A organização das guardas, a hierarquia dos ternos, segue os modelos militares

ou políticos. Na maior parte dos ternos, o “regente” é chamado Capitão, mas em

outros recebe o distintivo de General ou Guia. Existem outras funções, tais como,

Presidente, Fiscal, Conselheiro, Secretário, Tesoureiro, Madrinha do Terno, Madrinha

da Bandeira, Soldados, Bandeireiras, etc. que variam de terno para terno, tanto em

número como em funções e significações. “Antigamente” a função de Primeiro

Capitão era designada em alguns ternos de Marechal e as bandeireiras de Juizas,

o Presidente era conhecido como o Dono do terno. As designações presidente,

vice-presidente geralmente tem seu equivalente como primeiro capitão, segundo

capitão, madrinha.

O primeiro capitão se desloca o tempo todo se certificando se tudo corre bem com

todo o terno e também puxa as músicas. O segundo capitão geralmente é

responsável por reger a bateria, é o maestro. Dois outros capitães ou fiscais

protegem as laterais e também se locomovem entre os dançadores. A madrinha do

terno geralmente segue a frente, junto à virgem que carrega a bandeira, mas também

transita pelo terno auxiliando na medida em que se faz necessário. A madrinha da

bandeira auxilia as bandeireiras. Elas também são responsáveis pelas crianças,

no Marinheirão existe a função de capitão das crianças, outras pessoas, geralmente

as mães também cuidam das delas, carregando-as no colo quando se cansam.
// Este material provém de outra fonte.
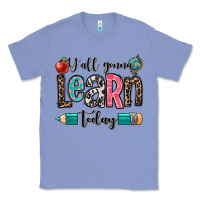 Colony Blue y'all gonna learn today Classic Tee - OliviaCreatesArt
Os Fiscais auxiliam na condução do terno, na execução das músicas, na

organização dos dançadores. São os imediatos do Capitão, geralmente também

impunham um bastão e trazem um apito. As funções de Presidente, tesoureiro e

Secretários, exigidas para o registro oficial, geralmente são desempenhados pelos

próprios Capitães, Madrinhas e Fiscais.Os Soldados são os tocadores e

dançadores.

As Bandeireiras conduzem as Bandeiras ou estandartes e suas fitas fazendo

coreografias, também podem ser chamadas de Andorinhas. “Antigamente” esta

função só era desempenhada pelas garotas virgens. Muitas mulheres relatam que

se a menina não fosse virgem e levasse a fita ou o mastro da bandeira, muitos

acidentes poderiam acontecer.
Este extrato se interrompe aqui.